Vladimiroff, whom the dancers referred to as “Vladi,” gave excruciatingly slow adagio exercises, which they were expected to execute with an air of serenity and calm. He particularly loved the music of Chopin. “Oboukhoff was ballet boot camp, Vladi was performance,” explained Peters. It was during one of these excruciating adagios, as she slowly revolved on one leg, that Bocher was chosen to join the company by Balanchine. He had been standing in the doorway. After class, in the hall, he asked her “will you dance for me?”
Balanchine also taught class from time to time. His classes were meant to challenge the students, particularly their musicality. “He would give us exercises in which we had to execute steps in five counts over music that was in four counts,” remembered Joysanne Sidimus. “And then, when I danced his “Concerto Barocco,” I realized it was the same thing.”

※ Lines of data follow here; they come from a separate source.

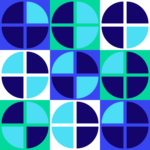 Pre-Order Geometric Quarter Circle Tiles Seaglass Sorbet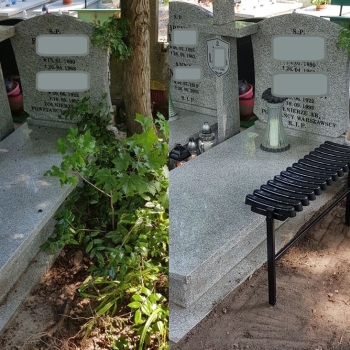 Ogłoszenie - Montaż ławeczek nagrobnych, na cmentarzu, przy grobie, tel. 504-746-203, cena, Wrocław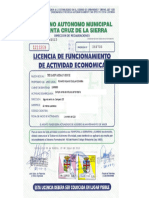 Licencia de Fucionamientp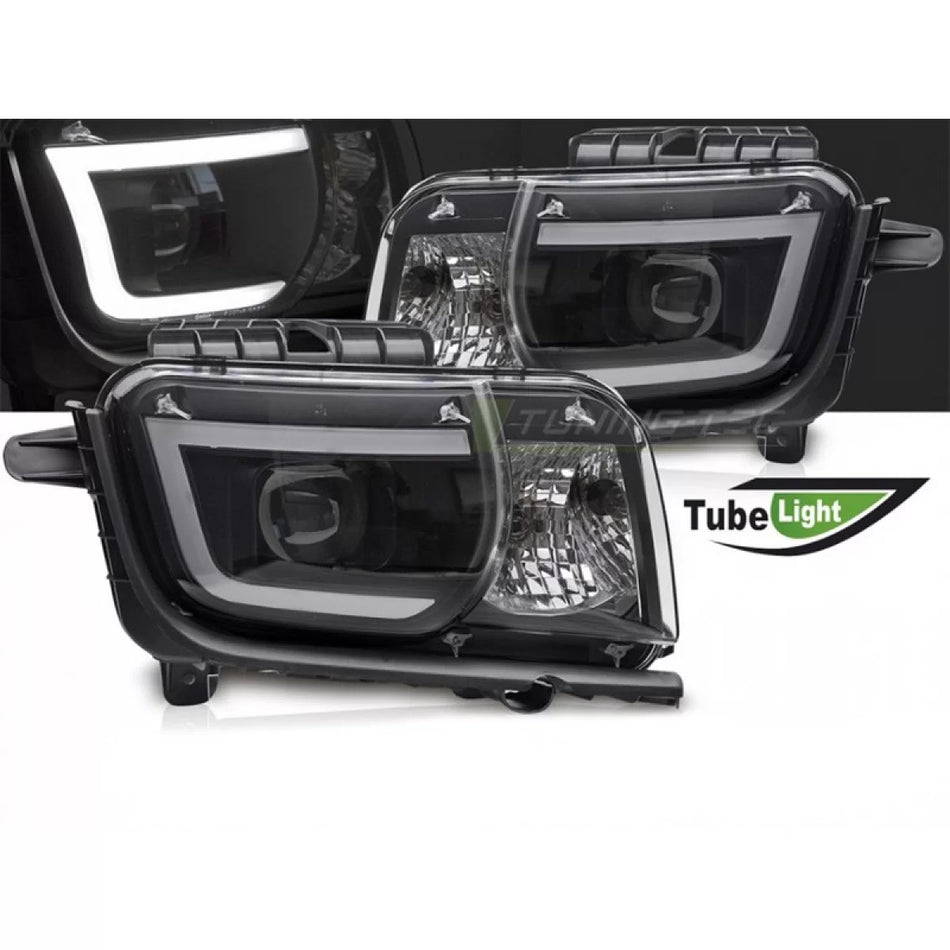Fari Tuning Anteriori Dx e Sx Base Nera per Chevrolet Camaro 2009-2013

Both Vladimiroff and his wife, Felia Doubrovska, liked to give exercises that contained sequences of steps from the great ballets. Doubrovska was partial to Petipa’s “Sleeping Beauty.” But sometimes she dipped into more recent repertory. Janice Adelson remembered that in one class, she asked her pupils to perform a sequence from Balanchine’s 1928 ballet “Apollo.” The young dancers were not aware of the origin of the steps, or of Doubrovska’s connection to them. She was offering them a gift, a small, precious jewel from her own past.
She was a famously elegant woman, who wore light chiffon dresses, the hem of which she raised slightly, with delicate fingers, in order to show off her exquisite footwork. On that day, as Adelson and her fellow classmates skittered around the room on pointe, Doubrovska watched them closely. She was wearing a beautiful Hermes scarf, in different shades of blue, around her waist. When the music stopped, she took the scarf, walked over to Adelson, and placed it around her waist. “I was stunned,” Adelson said. Even as she recounted the story, she still seemed stunned by the gesture.
She had never worn the scarf. It was too precious. Instead, she placed it in a box, wrapped in tissue, “like a relic.” Every so often, she said, she takes it out, unfolds it, and lets it breathe. Trapped in its weave is the faintest whiff of Doubrovksa’s perfume, Bellodgia.
“I look at it,” said Adelson, “and Doubrovska’s face is there, in front of me.”
Even better!
While Barbara Bocher Henry was clearly a gifted strong technician, when asked to confirm Robert Barnett’s memory of her executing an unassisted arabesque promenade en pointe, she could not take credit. She could however do it unassisted on demi-pointe and once remembers doing 10 pirouettes en pointe at La Scala!